■ Task details ■
When the listing below reaches the line that has "TORK Papierhandtücher 120454", start reproducing exactly; stop after the line that has "MOC ブロック シティ 60231 互換 特急消防車 LEDライト 照明 キット", and drop the pictures.

■ Records for this task ■
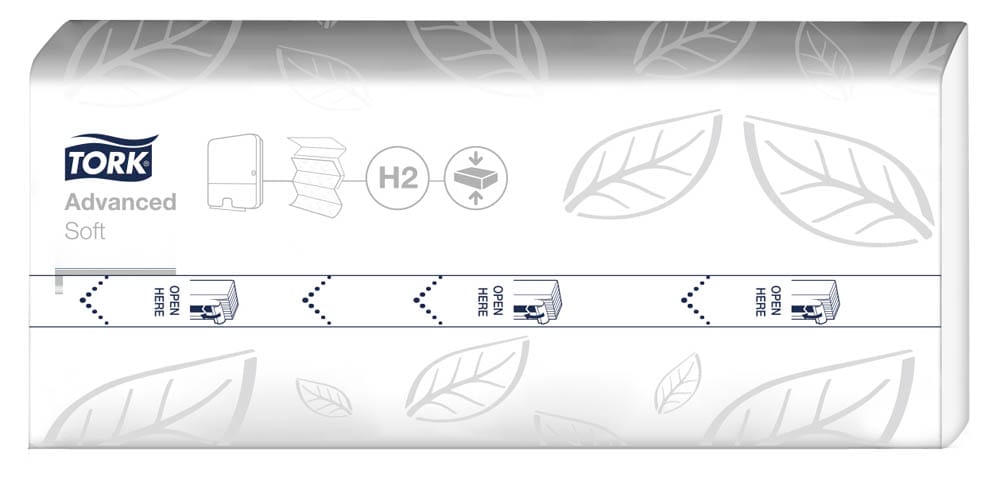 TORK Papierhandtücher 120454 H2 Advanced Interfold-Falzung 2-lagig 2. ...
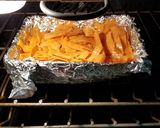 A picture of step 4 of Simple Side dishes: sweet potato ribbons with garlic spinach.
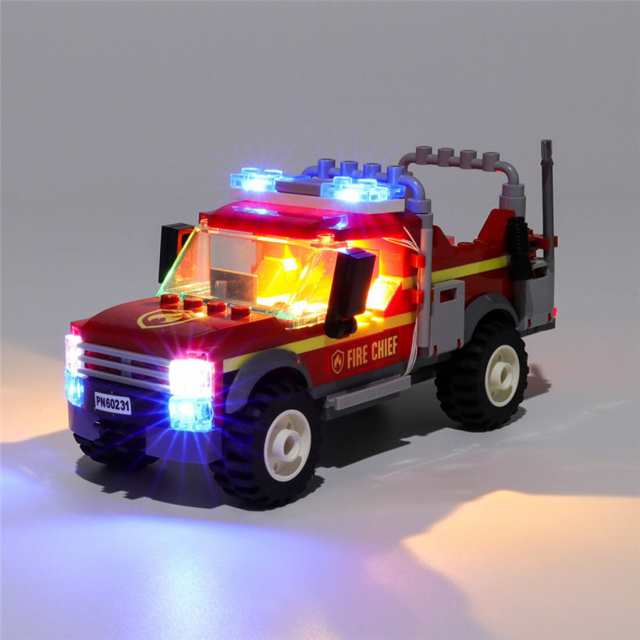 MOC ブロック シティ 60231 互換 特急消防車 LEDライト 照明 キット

...

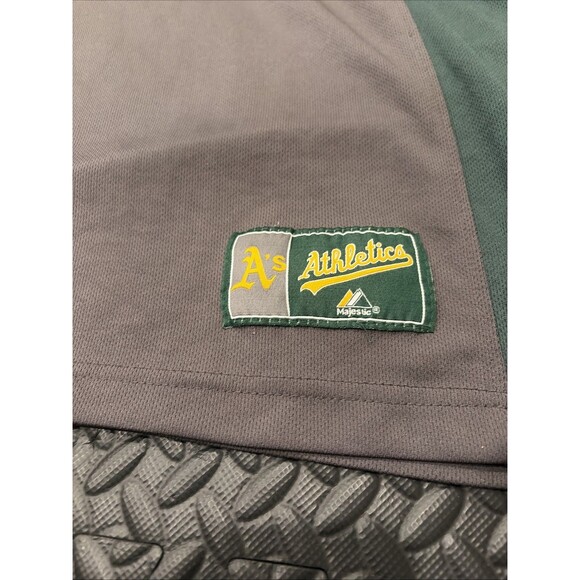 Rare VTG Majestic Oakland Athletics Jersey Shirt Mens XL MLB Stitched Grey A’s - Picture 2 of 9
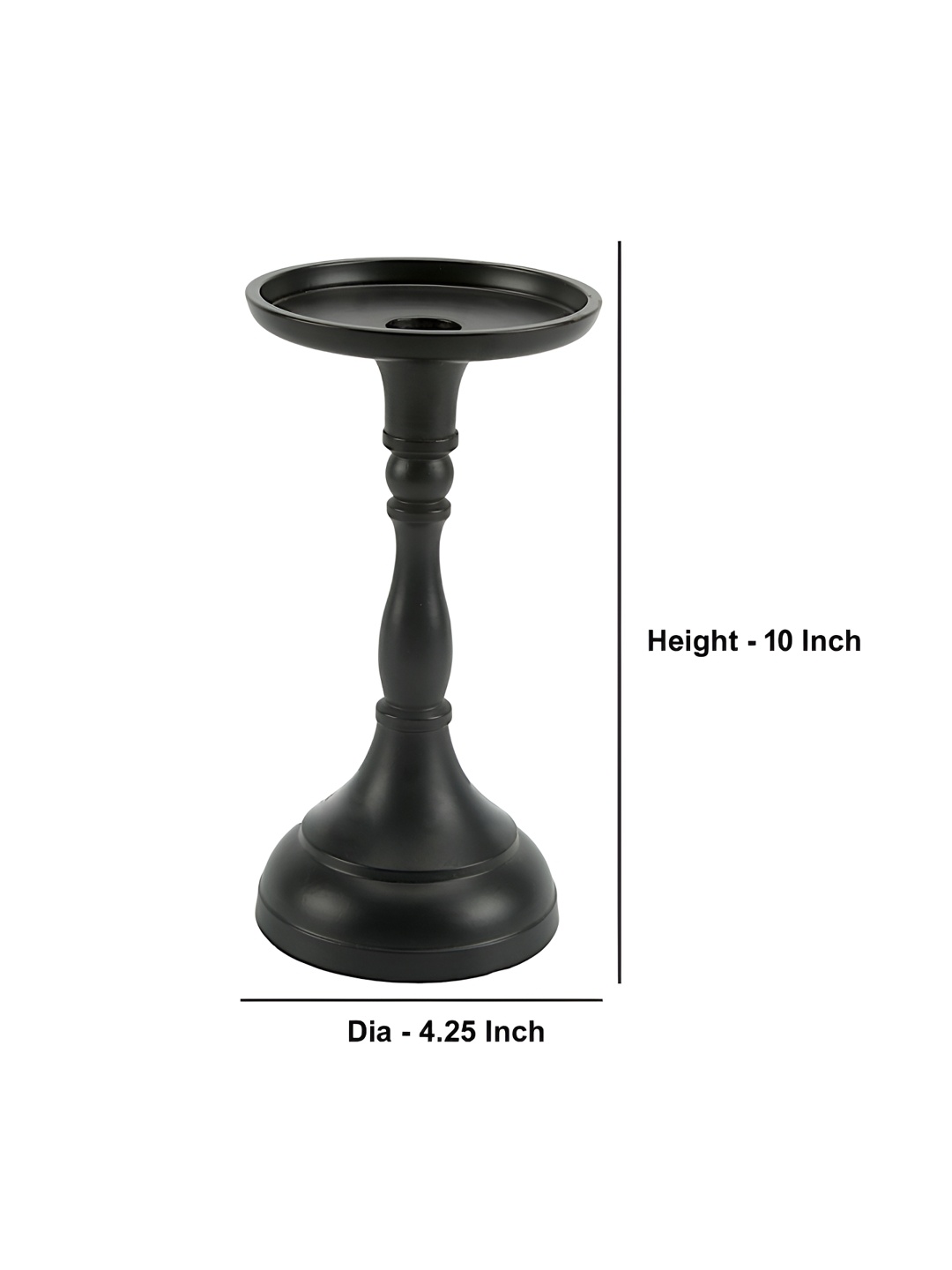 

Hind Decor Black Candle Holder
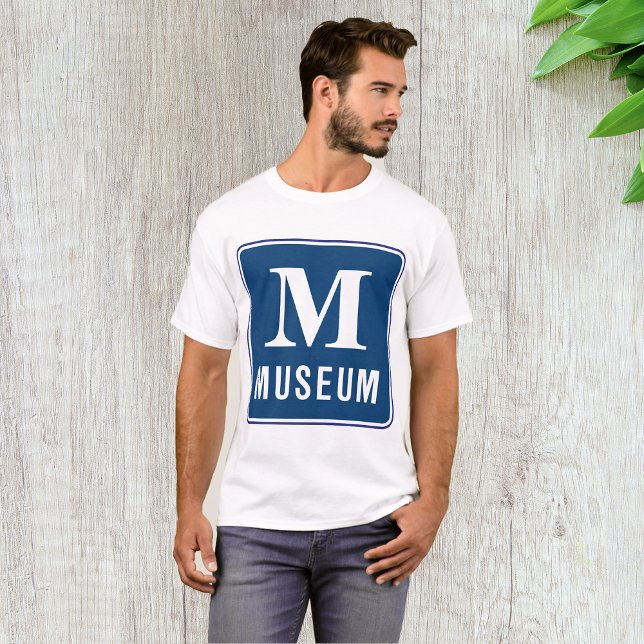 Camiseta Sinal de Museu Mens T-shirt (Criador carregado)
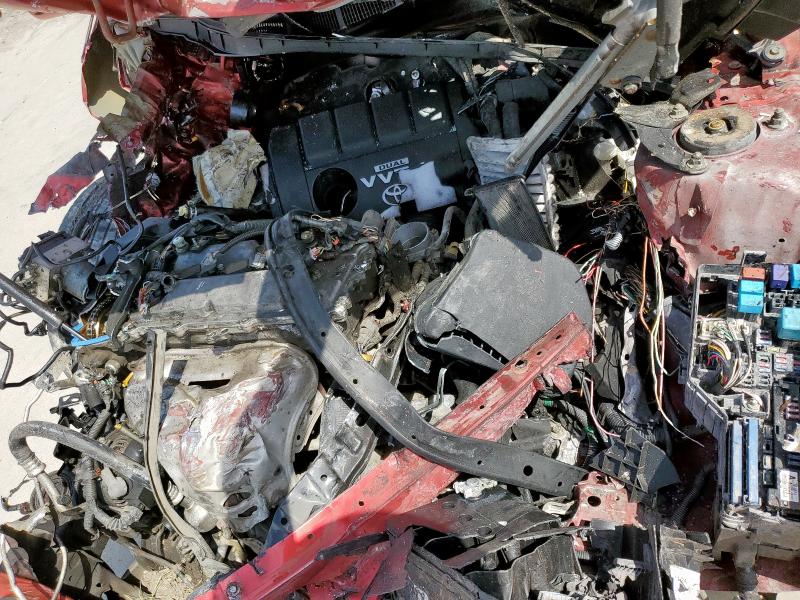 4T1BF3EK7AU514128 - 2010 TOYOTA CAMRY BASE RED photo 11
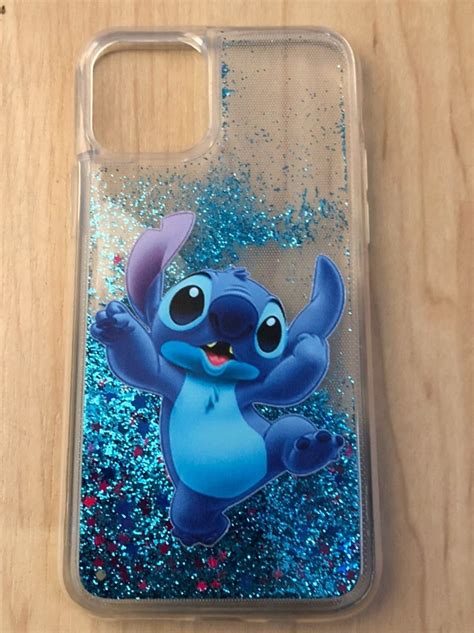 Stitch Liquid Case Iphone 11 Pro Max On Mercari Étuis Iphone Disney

■ Result of this task ■
 TORK Papierhandtücher 120454 H2 Advanced Interfold-Falzung 2-lagig 2. ...
 A picture of step 4 of Simple Side dishes: sweet potato ribbons with garlic spinach.
 MOC ブロック シティ 60231 互換 特急消防車 LEDライト 照明 キット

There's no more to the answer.